Внимание читателя не должно проскользнуть без замечания мимо того, что оба мужчины, то есть поп Конон и епископ Петр, страдали, и Конон даже не мог справиться с собой без особого чуда со стороны Иоанна Крестителя, а персиянка, девушка, без особых усилии охраняла себя и воздержала от падения обоих священнослужителей.[3]
23) Апреля 29. Некоторый монах, живший в недостаточном монастыре, был послан во время рабочей поры в мир, чтобы поработал на людей и, прокормив себя, принес бы также что-нибудь в обитель. Монах этот знал одного очень честного и доверчивого поселянина и пришел к нему предложить свои услуги. Поселянин принял его с полным доверием и, встретив надобность отлучиться из дома, оставил монаха на хозяйстве «домоглядельцем», поручив ему также свою очень молодую дочь, которая была замужем всего только один год и овдовела.
Судя по тому, в какие ранние годы выдавали тогда девочек замуж на Востоке, надо полагать что эта молодая вдовица, с которою монах остался «домоглядельцем», имела что-нибудь около 12–13 лет, то есть, по нашим нынешним представлениям, она сама была еще почти дитя.

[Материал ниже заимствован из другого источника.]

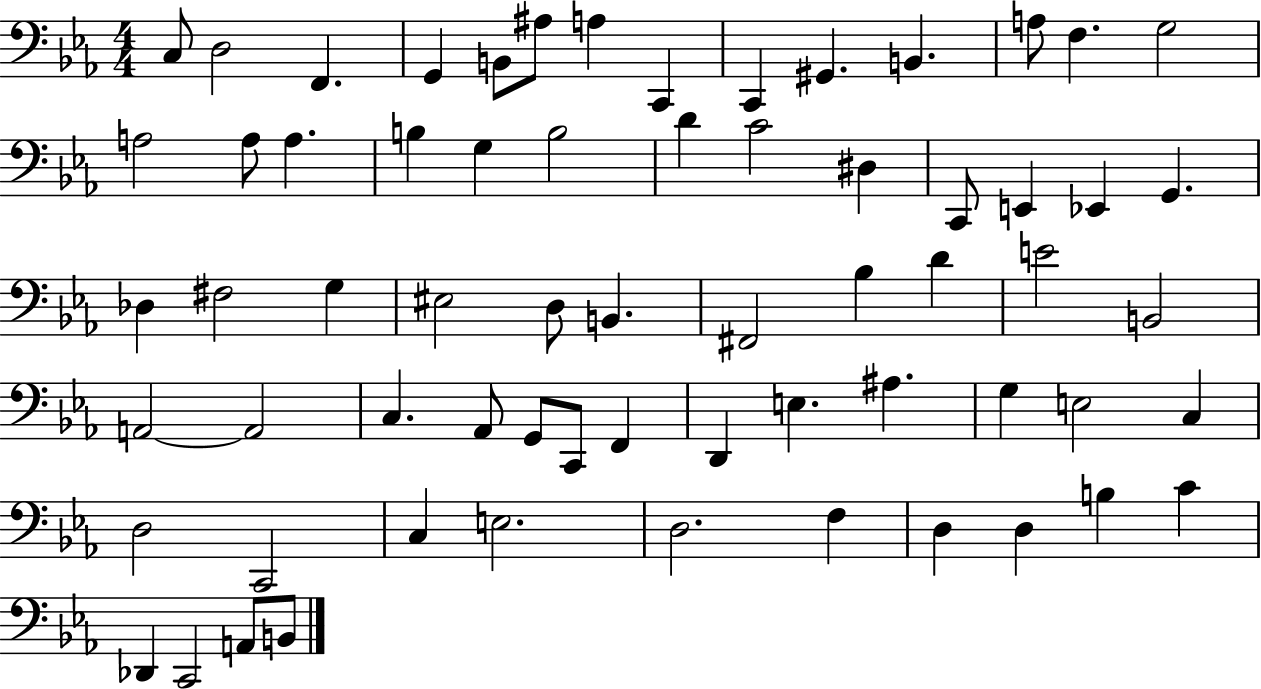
{
  \clef bass
  \numericTimeSignature
  \time 4/4
  \key ees \major
  c8 d2 f,4. | g,4 b,8 ais8 a4 c,4 | c,4 gis,4. b,4. | a8 f4. g2 | \break a2 a8 a4. | b4 g4 b2 | d'4 c'2 dis4 | c,8 e,4 ees,4 g,4. | \break des4 fis2 g4 | eis2 d8 b,4. | fis,2 bes4 d'4 | e'2 b,2 | \break a,2~~ a,2 | c4. aes,8 g,8 c,8 f,4 | d,4 e4. ais4. | g4 e2 c4 | \break d2 c,2 | c4 e2. | d2. f4 | d4 d4 b4 c'4 | \break des,4 c,2 a,8 b,8 | \bar "|."
}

Оставшись с этою юницей, монах, которому было поручено охранять ее, вдруг сам начал чувствовать, что «он побеждается ею». Не сказано, как «побеждаемый» боролся, но сказано, что он сразу же стал вести себя так странно, что и победительница его стала это замечать, и победа ее над ним была ей нежелательною. Она испугалась своего положения, которое и в самом деле было небезопасно, так как она оставалась с монахом с глаза на глаз одна, и даже возле дома их не было близко соседей, которые могли бы ей подать помощь. Молодая женщина все это сообразила и поняла, что она ниоткуда не могла надеяться получить себе защиту в том случае, если «побеждаемый ею» монах совсем победится и, утратив самообладание, обратится к дерзким мерам насилия. Она не могла рассчитывать на свою силу, чтобы отразить его. А к несчастию скоро в этом оказалась надобность. Монах однажды, «пришед по обычаю, нача смущатися и к ней подвизатися». Приступ его был столь решителен, что молодице казалось уже невозможно в этот раз спастись от него, но она, однако, отыскала средство к спасению. «Быв смышлена и благорассудна», молодица не стала сопротивляться иноку силой и даже не подняла никакого бесполезного шума, так как она понимала, что при всяком сопротивлении «побежденному» перевес оказался бы не на ее победной стороне, и вот она не захотела сопротивляться ему как животному, а отважилась повлиять на лучшую сторону его духовной природы, не на его взбунтовавшиеся физические силы, а на его совестливость.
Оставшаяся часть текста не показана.